═════ PROVIDED RECORDS
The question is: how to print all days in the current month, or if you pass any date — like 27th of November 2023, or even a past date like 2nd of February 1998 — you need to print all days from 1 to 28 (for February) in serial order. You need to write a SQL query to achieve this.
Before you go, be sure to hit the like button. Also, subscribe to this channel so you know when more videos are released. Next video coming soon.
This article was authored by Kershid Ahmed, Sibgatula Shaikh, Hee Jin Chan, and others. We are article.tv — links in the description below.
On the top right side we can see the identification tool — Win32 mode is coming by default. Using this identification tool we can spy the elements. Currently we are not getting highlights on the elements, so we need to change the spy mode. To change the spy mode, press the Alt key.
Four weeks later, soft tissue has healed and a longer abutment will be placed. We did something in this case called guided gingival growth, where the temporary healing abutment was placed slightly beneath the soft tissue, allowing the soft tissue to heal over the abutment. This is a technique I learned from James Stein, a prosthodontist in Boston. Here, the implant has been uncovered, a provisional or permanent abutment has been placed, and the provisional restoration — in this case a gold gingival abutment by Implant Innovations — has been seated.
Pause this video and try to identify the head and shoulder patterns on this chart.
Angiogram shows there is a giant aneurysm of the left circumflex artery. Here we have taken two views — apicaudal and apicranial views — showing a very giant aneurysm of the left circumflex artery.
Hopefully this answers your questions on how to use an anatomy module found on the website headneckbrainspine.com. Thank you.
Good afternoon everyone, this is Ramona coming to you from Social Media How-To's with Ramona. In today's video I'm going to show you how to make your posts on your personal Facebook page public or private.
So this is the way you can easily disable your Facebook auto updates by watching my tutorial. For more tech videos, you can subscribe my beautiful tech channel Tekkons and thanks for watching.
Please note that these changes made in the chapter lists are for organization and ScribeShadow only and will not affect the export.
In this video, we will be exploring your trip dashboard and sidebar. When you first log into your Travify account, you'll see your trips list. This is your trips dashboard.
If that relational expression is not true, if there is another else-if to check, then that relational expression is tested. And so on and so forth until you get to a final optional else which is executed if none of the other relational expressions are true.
══════════
| DIRECTIONS |
Which lines hold the string "Facebook"? Copy all of them from the data above.

| ANSWER TO THIS PROBLEM |
Good afternoon everyone, this is Ramona coming to you from Social Media How-To's with Ramona. In today's video I'm going to show you how to make your posts on your personal Facebook page public or private.
So this is the way you can easily disable your Facebook auto updates by watching my tutorial. For more tech videos, you can subscribe my beautiful tech channel Tekkons and thanks for watching.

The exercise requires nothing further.